-- Input material follows --
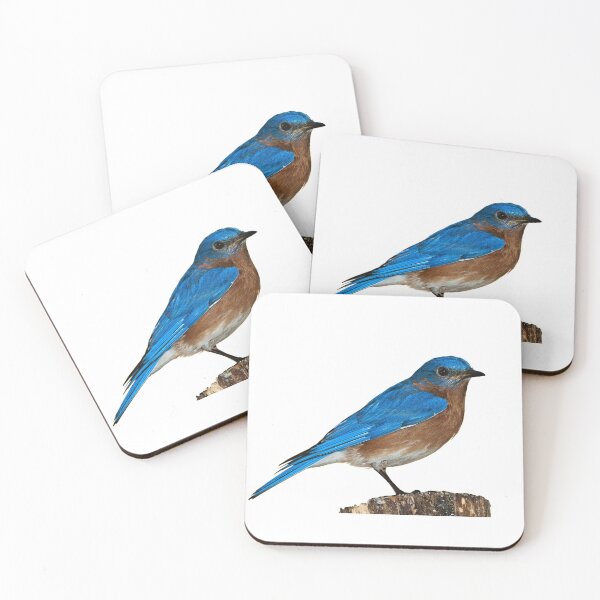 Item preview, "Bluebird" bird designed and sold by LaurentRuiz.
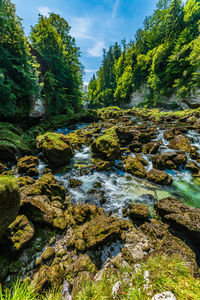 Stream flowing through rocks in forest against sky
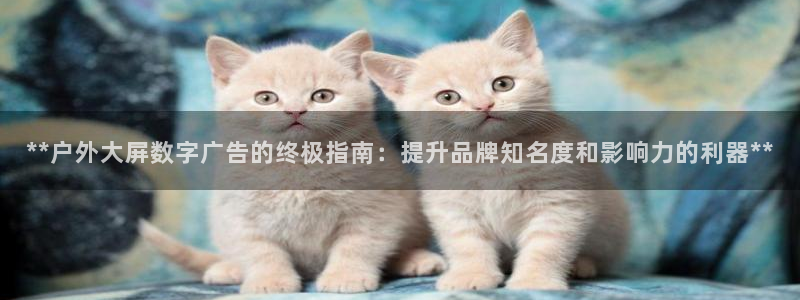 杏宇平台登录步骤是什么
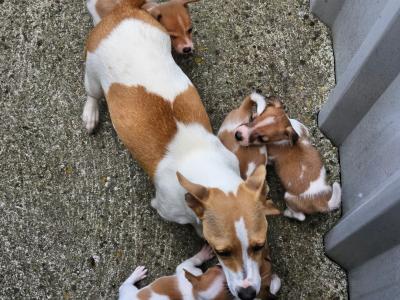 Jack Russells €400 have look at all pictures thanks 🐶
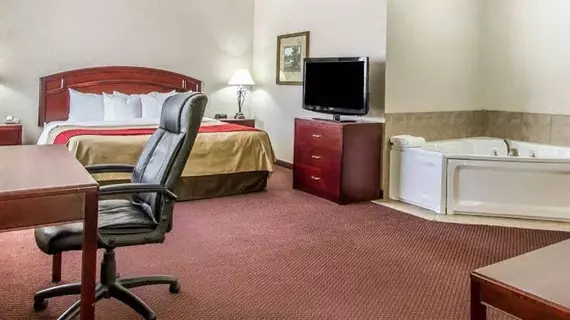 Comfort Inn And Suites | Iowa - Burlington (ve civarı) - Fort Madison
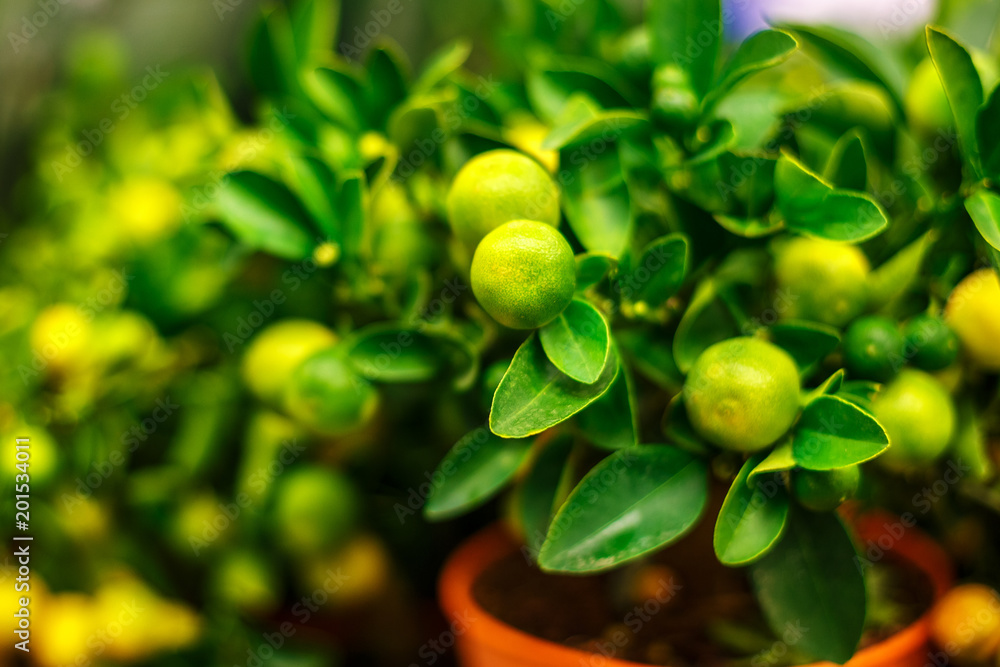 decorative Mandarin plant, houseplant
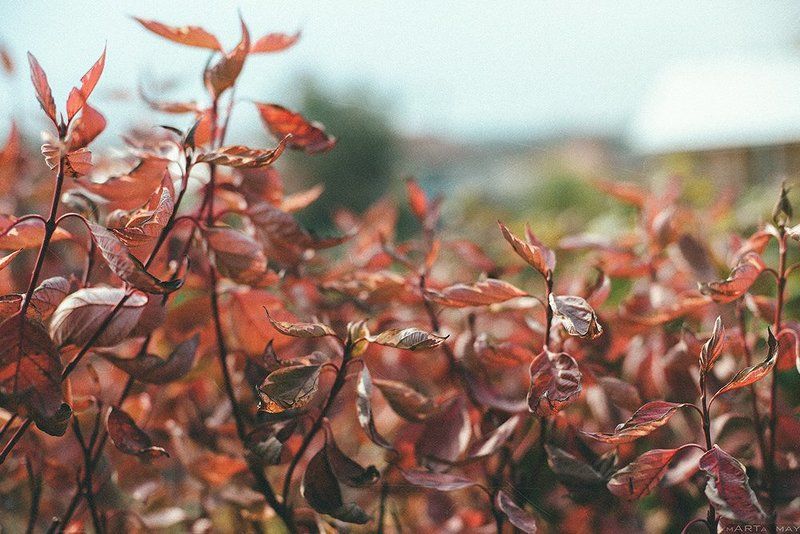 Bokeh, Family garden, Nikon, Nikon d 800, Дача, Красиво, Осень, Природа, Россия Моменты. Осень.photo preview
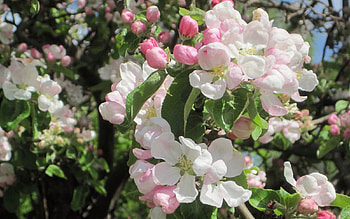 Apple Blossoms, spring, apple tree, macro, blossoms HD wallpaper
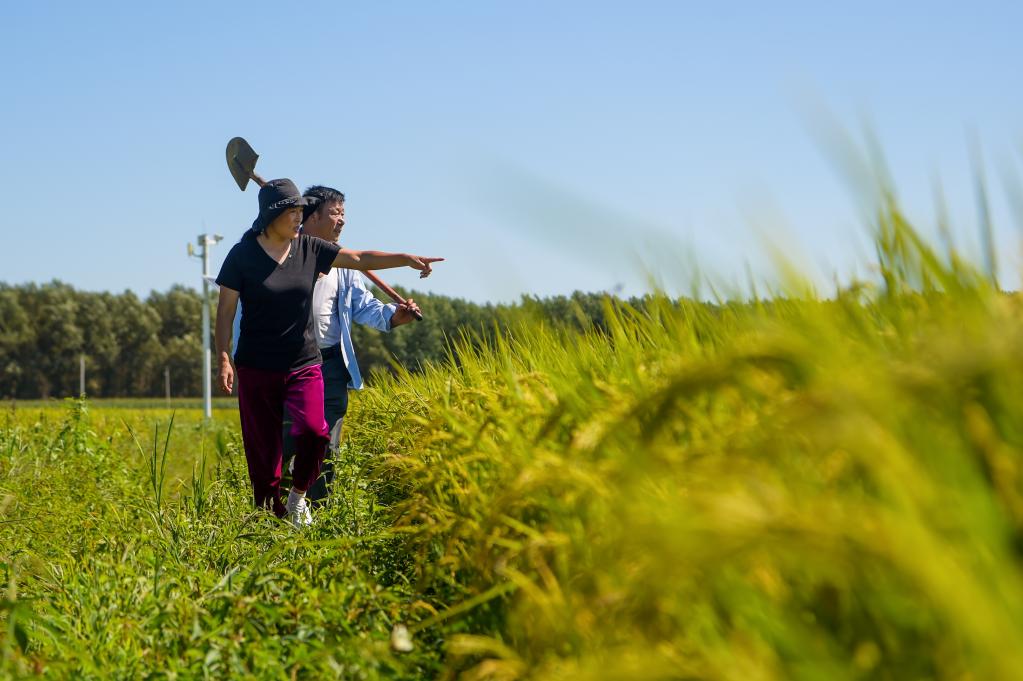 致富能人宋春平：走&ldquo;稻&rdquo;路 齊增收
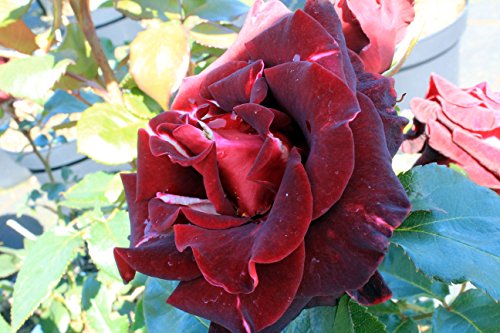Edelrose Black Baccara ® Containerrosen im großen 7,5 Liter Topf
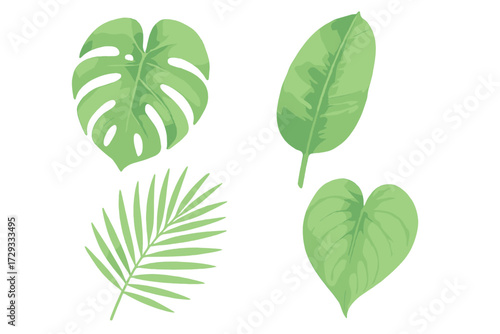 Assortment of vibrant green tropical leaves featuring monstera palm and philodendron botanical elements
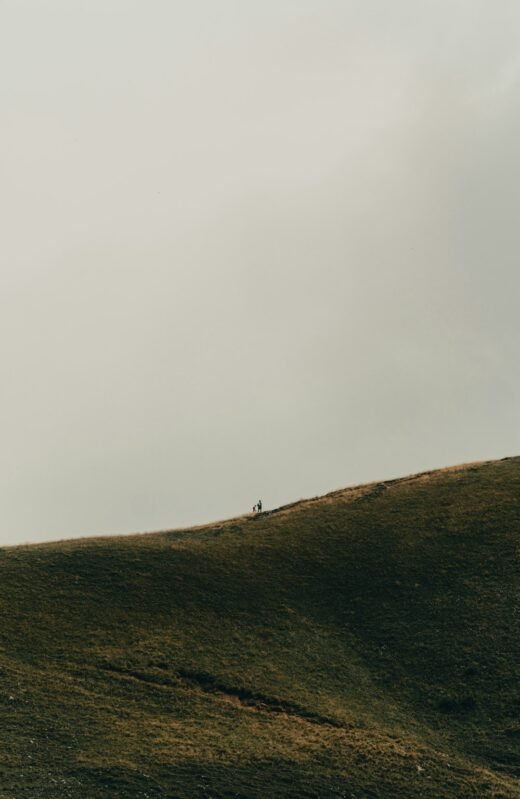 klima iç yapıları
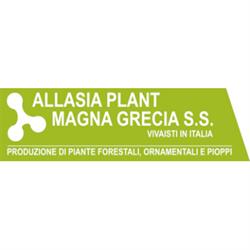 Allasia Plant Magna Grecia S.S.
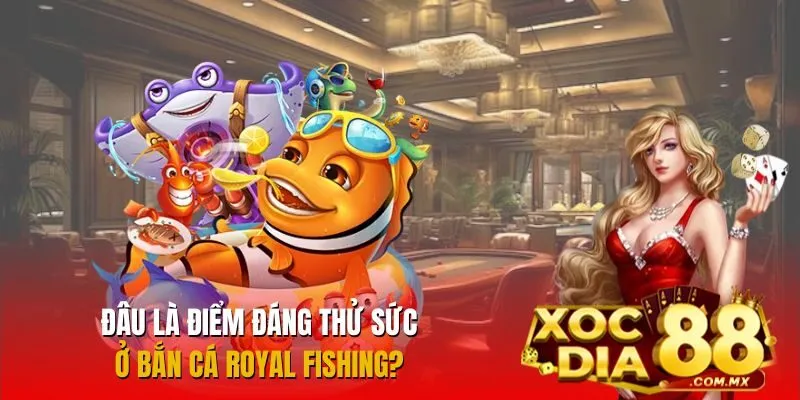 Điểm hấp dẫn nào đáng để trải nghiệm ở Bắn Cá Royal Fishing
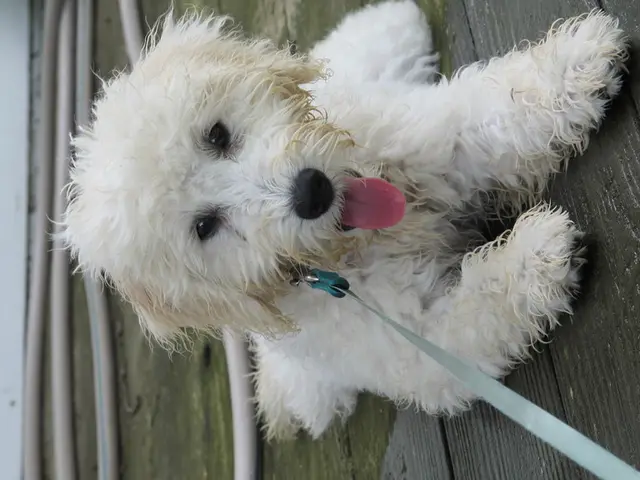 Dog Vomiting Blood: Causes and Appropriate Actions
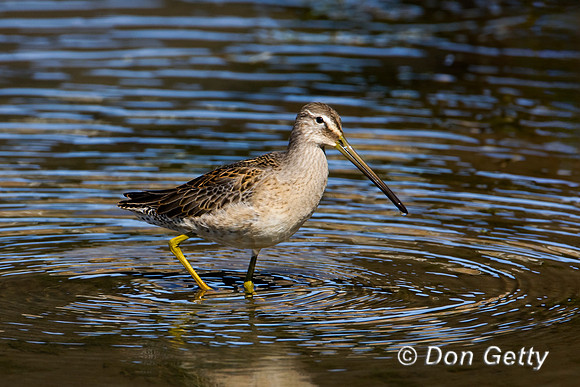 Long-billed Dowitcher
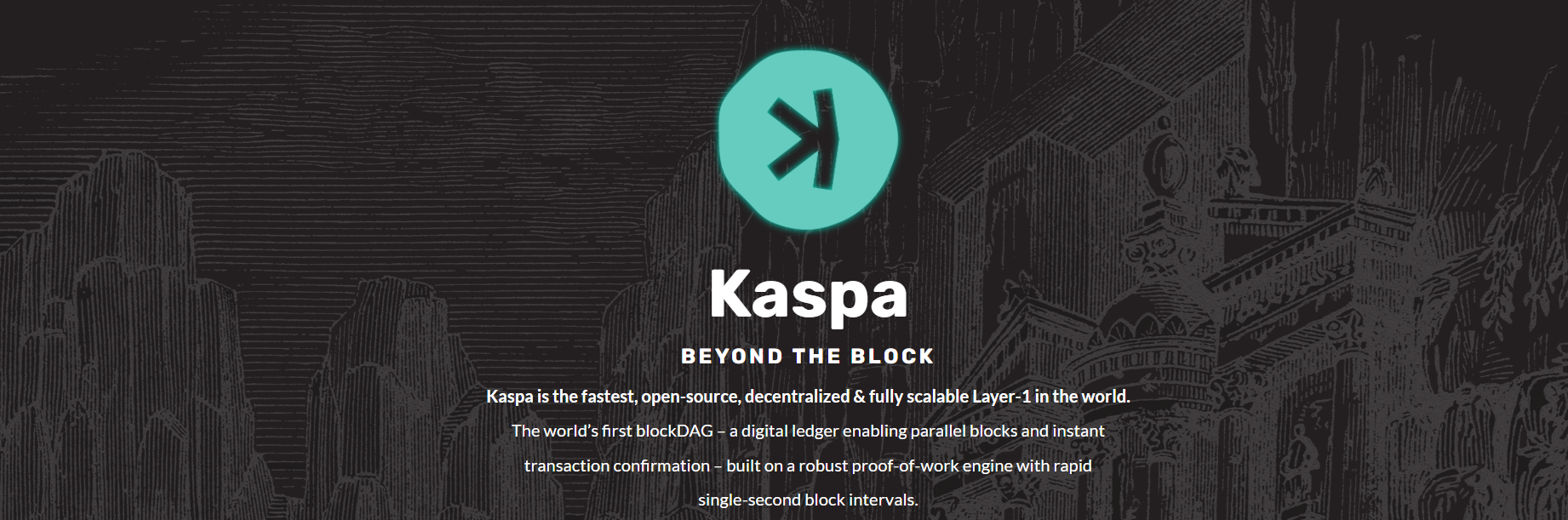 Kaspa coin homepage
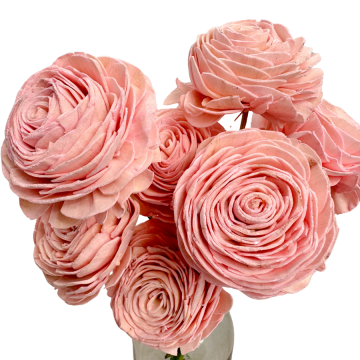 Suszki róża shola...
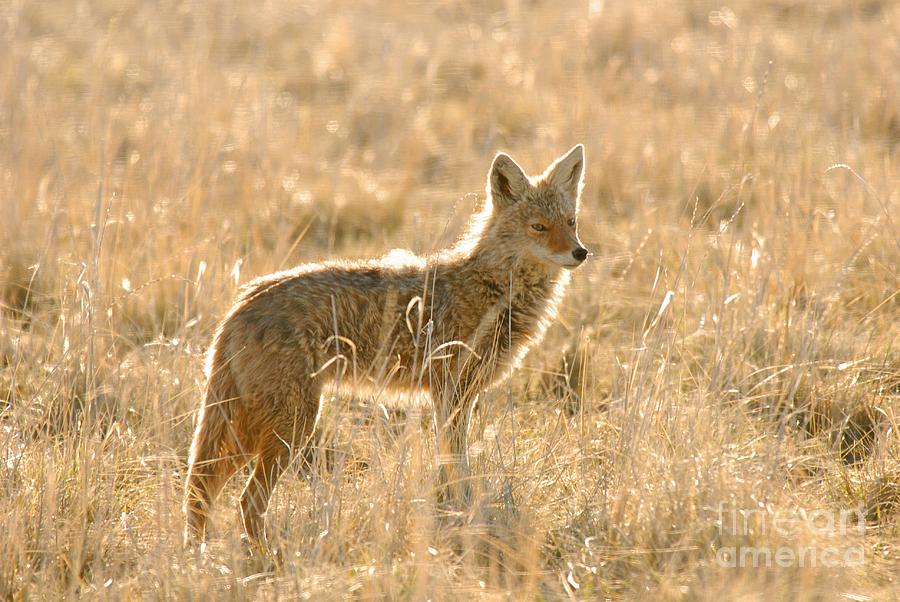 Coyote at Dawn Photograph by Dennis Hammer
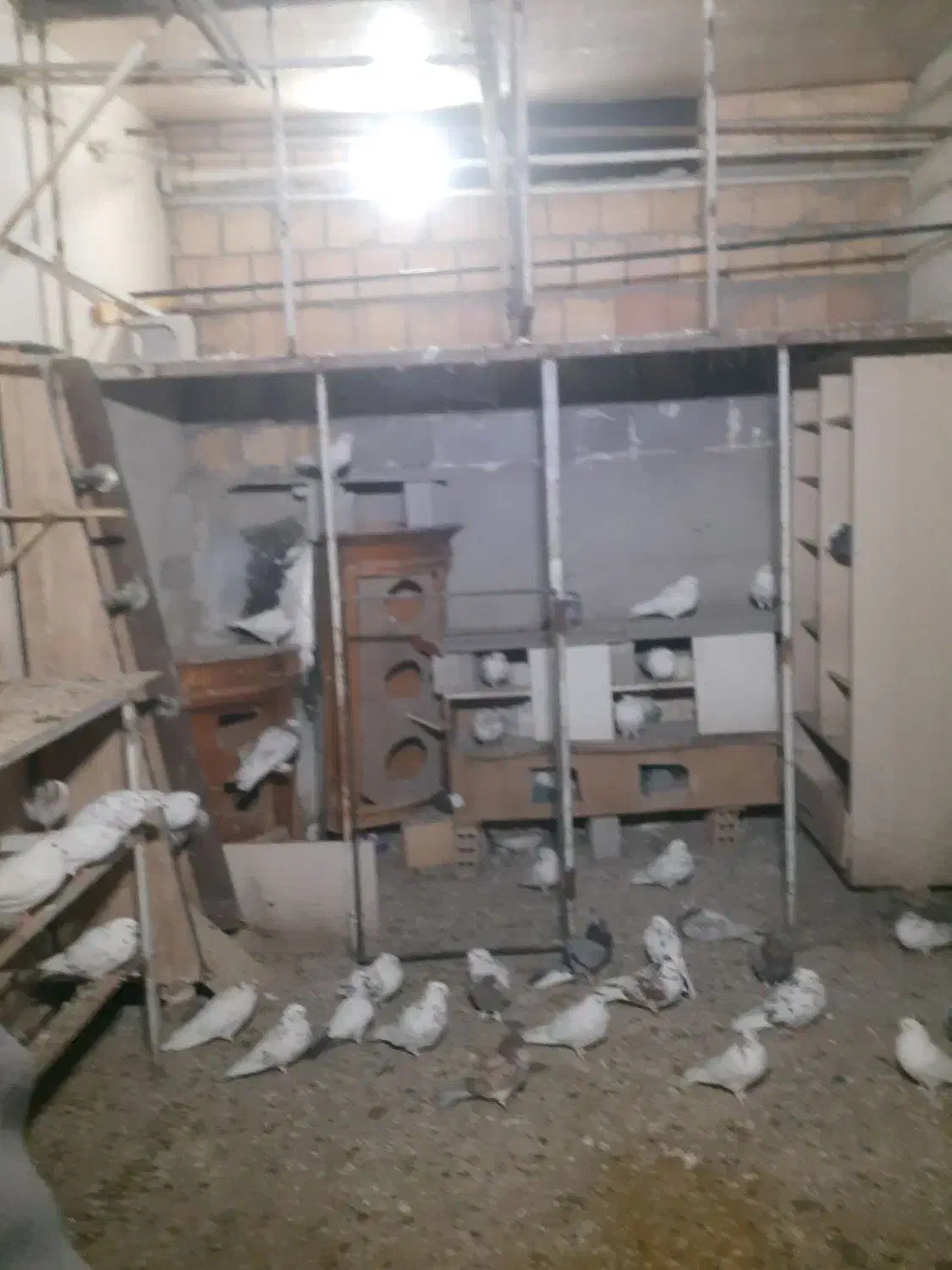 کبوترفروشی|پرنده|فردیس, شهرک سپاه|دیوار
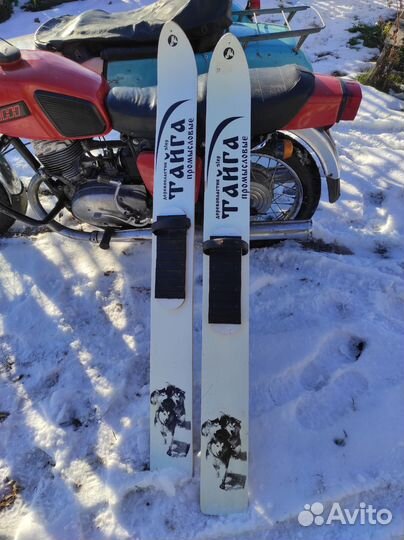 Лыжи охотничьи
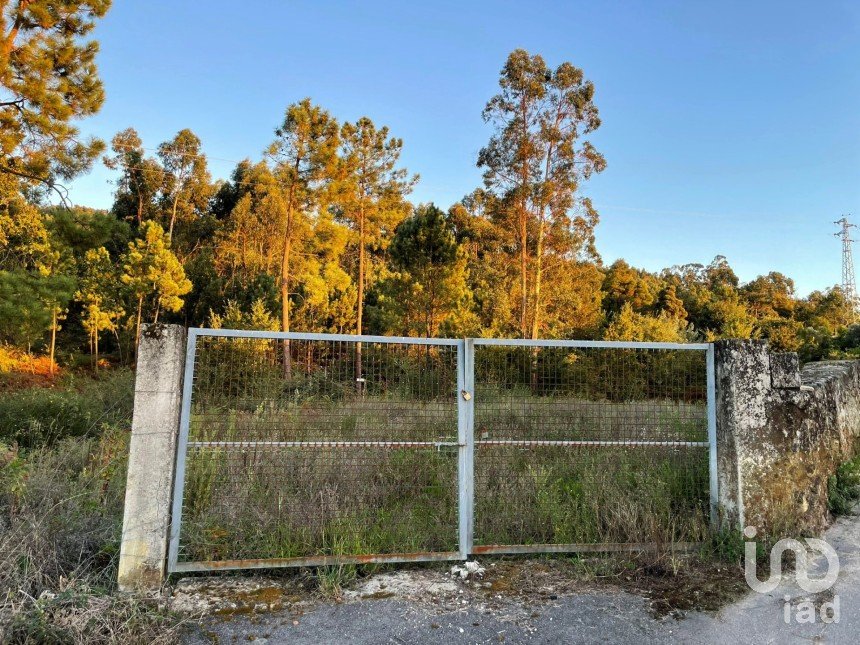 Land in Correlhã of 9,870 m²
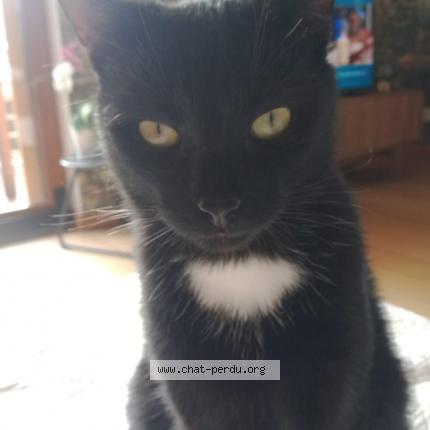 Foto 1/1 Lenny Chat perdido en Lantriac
-- Input material concluded --
Task objective >>
Keep the pictures out of your copy. Copy only the lines from the line that holds "Лыжи охотничьи" through the last line of the listing above, both included.

Solution for this problem >>
 Лыжи охотничьи
 Land in Correlhã of 9,870 m²
 Foto 1/1 Lenny Chat perdido en Lantriac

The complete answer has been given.